The technique you described won't work with I/O devices or memory writes, because CPU doesn't really know what goes into "unused" parts of the word, and with I/O because unintended access (even read) can affect I/O device state.

Some 16-bit architectures access memory and I/O ports strictly using 16-bit words (for example PDP-11). But it's completely not the case for x86 architecture. x86 can do 8-bit, 16-bit, 32-bit (for 386 and later) memory and I/O accesses, and 64-bit (Pentium and above*) memory accesses.
To perform this, x86 CPUs have "byte enable" control lines, that determine what bytes are to be addressed within one word (word is 2 bytes for 8086, 286 and 386SX, 4 bytes for 386DX and 486, 8 bytes for Pentium)...
In x86 it is possible that the addressed "logical" word (16-bit or 32-bit in 386 or later) crosses physical word boundary, in this case CPU performs two access cycles - one for lower part of the word and one for the higher part.

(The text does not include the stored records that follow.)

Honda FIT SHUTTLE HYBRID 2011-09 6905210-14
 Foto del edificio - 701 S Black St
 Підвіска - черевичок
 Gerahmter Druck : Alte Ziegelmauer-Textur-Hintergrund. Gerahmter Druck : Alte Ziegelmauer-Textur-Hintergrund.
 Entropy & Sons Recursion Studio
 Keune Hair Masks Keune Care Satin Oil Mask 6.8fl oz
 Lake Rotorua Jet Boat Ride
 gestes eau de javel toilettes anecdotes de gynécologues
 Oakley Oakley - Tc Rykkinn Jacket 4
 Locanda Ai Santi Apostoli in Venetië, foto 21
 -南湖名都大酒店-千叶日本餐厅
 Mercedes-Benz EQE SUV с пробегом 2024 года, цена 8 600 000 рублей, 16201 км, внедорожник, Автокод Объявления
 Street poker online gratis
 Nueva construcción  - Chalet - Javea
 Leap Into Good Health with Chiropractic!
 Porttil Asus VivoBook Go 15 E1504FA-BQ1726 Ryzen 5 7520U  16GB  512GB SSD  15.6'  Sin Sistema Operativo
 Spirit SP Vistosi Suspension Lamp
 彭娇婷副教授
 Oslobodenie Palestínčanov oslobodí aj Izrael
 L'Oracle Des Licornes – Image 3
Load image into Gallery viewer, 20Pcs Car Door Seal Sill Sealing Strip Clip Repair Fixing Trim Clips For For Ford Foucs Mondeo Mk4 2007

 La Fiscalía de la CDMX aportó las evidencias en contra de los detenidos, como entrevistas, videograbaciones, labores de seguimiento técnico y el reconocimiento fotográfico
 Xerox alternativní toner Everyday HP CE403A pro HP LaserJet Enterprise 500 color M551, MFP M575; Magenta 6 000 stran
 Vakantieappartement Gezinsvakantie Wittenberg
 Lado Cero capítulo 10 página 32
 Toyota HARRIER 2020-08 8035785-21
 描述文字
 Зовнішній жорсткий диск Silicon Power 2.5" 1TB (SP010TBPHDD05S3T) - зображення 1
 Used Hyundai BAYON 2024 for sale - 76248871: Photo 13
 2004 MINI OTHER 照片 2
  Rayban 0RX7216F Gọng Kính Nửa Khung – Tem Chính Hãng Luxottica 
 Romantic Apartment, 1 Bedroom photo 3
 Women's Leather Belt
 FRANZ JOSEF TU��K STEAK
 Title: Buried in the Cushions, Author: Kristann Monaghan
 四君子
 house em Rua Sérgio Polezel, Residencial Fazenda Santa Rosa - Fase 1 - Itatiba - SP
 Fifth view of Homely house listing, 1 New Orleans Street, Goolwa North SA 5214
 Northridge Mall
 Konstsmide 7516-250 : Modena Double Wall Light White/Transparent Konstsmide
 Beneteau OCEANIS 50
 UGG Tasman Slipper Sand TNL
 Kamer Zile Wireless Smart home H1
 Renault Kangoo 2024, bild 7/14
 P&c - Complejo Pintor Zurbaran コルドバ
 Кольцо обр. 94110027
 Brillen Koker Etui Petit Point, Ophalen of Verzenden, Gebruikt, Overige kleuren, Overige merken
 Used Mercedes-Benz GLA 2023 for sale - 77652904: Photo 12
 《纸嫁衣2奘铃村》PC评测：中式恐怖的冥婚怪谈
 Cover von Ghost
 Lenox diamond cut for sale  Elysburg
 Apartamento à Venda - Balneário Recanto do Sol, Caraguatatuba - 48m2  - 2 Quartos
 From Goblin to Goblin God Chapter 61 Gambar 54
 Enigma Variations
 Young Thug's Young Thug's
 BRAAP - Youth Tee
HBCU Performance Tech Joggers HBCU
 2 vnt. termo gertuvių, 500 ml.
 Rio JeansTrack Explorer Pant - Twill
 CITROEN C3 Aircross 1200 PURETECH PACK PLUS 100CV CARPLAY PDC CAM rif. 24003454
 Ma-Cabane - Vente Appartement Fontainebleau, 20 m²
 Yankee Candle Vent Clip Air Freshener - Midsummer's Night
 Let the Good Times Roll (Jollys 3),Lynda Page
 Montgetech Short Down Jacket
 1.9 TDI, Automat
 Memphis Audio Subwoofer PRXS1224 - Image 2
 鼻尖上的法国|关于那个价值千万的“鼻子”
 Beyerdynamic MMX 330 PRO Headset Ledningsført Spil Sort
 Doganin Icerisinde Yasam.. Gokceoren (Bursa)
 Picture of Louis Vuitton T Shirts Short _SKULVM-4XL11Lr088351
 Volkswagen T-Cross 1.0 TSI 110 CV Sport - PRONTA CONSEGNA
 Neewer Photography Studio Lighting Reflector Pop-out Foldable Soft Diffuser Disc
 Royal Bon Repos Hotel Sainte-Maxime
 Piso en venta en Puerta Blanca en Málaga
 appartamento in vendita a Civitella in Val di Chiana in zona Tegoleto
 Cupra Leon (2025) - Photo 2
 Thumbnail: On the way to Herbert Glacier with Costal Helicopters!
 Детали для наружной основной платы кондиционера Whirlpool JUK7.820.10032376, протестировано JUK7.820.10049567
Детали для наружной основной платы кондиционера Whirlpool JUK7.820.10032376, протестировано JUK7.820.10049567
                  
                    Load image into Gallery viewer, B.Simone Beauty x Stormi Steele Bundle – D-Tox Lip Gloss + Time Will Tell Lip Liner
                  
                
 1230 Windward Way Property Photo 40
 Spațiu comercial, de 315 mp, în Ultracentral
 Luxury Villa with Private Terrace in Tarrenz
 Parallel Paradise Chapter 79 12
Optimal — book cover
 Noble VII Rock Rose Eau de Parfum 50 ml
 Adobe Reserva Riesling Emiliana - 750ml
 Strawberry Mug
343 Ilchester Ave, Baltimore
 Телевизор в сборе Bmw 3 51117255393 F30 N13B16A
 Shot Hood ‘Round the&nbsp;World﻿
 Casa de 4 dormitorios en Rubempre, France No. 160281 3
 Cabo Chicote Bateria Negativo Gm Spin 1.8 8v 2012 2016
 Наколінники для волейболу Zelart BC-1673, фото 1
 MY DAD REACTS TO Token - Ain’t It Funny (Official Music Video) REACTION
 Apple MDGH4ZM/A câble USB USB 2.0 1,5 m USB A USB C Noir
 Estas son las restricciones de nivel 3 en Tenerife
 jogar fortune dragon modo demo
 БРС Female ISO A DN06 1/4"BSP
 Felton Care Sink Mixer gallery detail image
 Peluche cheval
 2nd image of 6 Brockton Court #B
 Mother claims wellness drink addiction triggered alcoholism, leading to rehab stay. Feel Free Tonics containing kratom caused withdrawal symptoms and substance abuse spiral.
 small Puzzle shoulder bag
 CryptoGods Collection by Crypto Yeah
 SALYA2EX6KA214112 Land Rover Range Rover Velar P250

Additionally IBM AT and compatibles include data bus steering logic that handles the case where I/O or memory data path width is smaller than the width CPU data path. This logic splits one CPU's access cycle into two (or 4 in case of 32-bit) access cycles. For example if you have a 8-bit extension ROM connected to the 386 motherboard, and a program tries to read a 32-bit word from there, it will be split into four successive 8-bit read accesses.

*Pentium and some later x86 CPUs, while technically being 32-bit CPUs use 64-bit data path for memory access. This is to achieve better throughput.
 
Well, it appears I have some summer reading to do on the x86 and its BIU :p. I never realized that having an external datapath a different width from the internal datapath would result in such headaches (like everything else in x86).